Sunday, July 26, 2009

Alpha Prototype Ready

I am renaming the multi-version wiki Alpha, simply because it's easier to say than Phaidros. It's a bit of a joke, really, because 'Alpha' was just the description of the product I developed for DH2008. It was the 'alpha' release of that.

The old Alpha didn't do transpositions, and to remedy this deficiency I have been labouring hard for the past year. NMerge was revised to support transpositions, but I hadn't integrated it into the multi-version wiki. But when I finally saw the result of the new nmerge in the web browser, it was suddenly clear that there were still some bugs in the transposition algorithm. Finding out exactly what was going wrong, though, took me about a week of solid debugging. But it is done now and I am finally satisfied. And now I have something to take to Montréal to show the audience. And I can say: 'Hey folks, you said this conference was all about theory, but here's something that actually works.' I think that is a pretty good argument.

In this screendump of part of the TwinView of Galiano's 'El mapa de las aguas' you can see the transposition of 'otras de un hachazo' from after 'de un bocado rabioso' (in version B, left) to before (in version C, right).
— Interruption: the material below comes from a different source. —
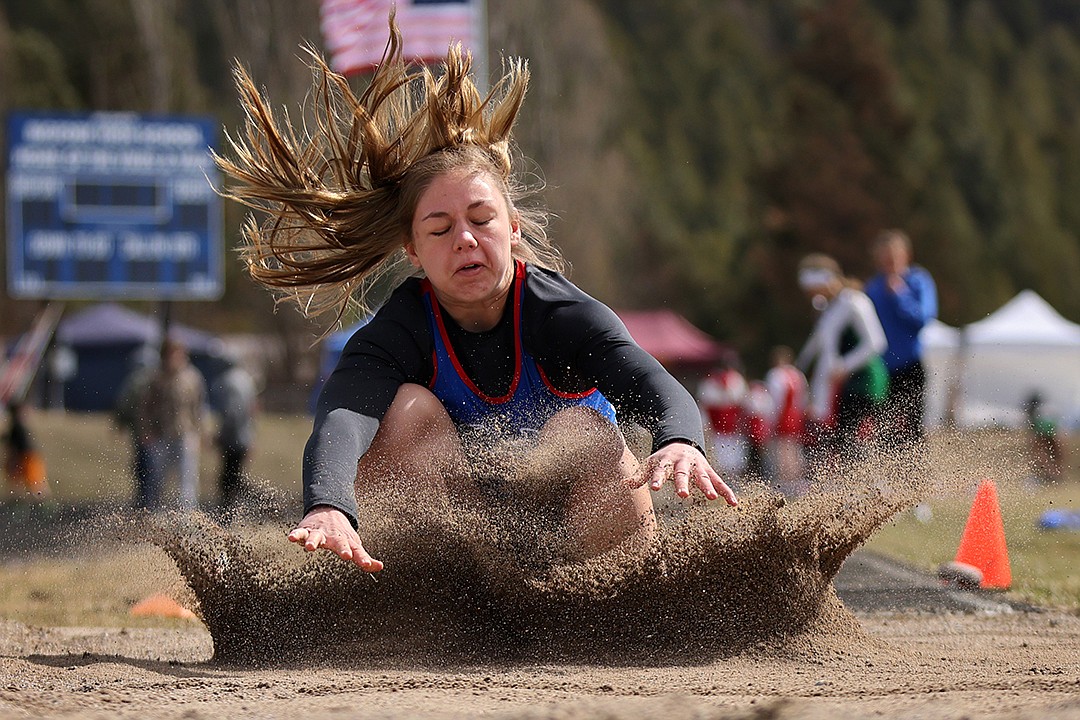 Maddi Chappuis competes in the long jump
To consistently detect cases like this manually would be near to impossible.

Red text is deleted in the left-hand version with respect to the version on the right. Blue text is inserted, and transpositions are shown in grey. Black text is merged and, like transpositions, clicking on it aligns the text on each side. This use of these simple features of HTML results in a surprisingly effective UI.

Character-Level vs Word-Level Alignment

The use of character-level alignment by default is new to this version. For example, the expression 'el molino chico' became 'el molino' through the deletion of the character sequence 'o chic'. This goes to show that what humans would expect – the deletion of ' chico' – and what the computer detects, don't always correspond. I don't think that is a bad thing. The alternative would be to fail to see changes of spelling such as 'desaparecido' for 'desparecido' or the capitalisation of 'Ojos' for 'ojos'. A word-level granularity would puzzle the reader while he/she tried to work out the difference. It is clearer to see small changes like these highlighted, so I agree with the MEDITE people that character-level alignment is more powerful. After all, you can always reduce character-level granularity to word-level but if you only have word-level alignment you are stuck with it.

'Collation' programs based on XML use word-level granularity because a finer resolution would make the markup impossibly complex (you'd have to mark up each letter separately). That doesn't have to be a restriction once we abandon the print-oriented concept of 'apparatus.' For the digital medium, at least, a new digital presentation of variation is needed. Let it evolve.

Thursday, July 2, 2009

Interface 09 and Multi-Version Wiki

We will be presenting a poster at Interface09 at the University of Southampton. There will also be a demo of the multi-version wiki, which I hope will be an iteration further on from that presented at Oulu for Digital Humanities 2008. The new multi-version wiki is simply the old wiki with the new nmerge library added, but that includes support for transpositions, which is kind of important. It is a Jetty 6 based web application that runs inside your browser, and allows you to view and edit MVDs in a variety of intuitive ways.

Digital Variants Portal

Eventually the wiki will be broken up and integrated into the Digital Variants Website I am building. In this form the wiki will be a series of portlets inside a portal. Each portlet conforms to JSR 286 and is implemented in Jetspeed 2. A portal allows the user to configure his or her own interface on the web using the portlet components. It also promotes reuse of the portlets by other parties. We are going for broke with this design: I for one don't believe that deficient or obsolescent technology has any place in designs for the future. If we can build it, we will.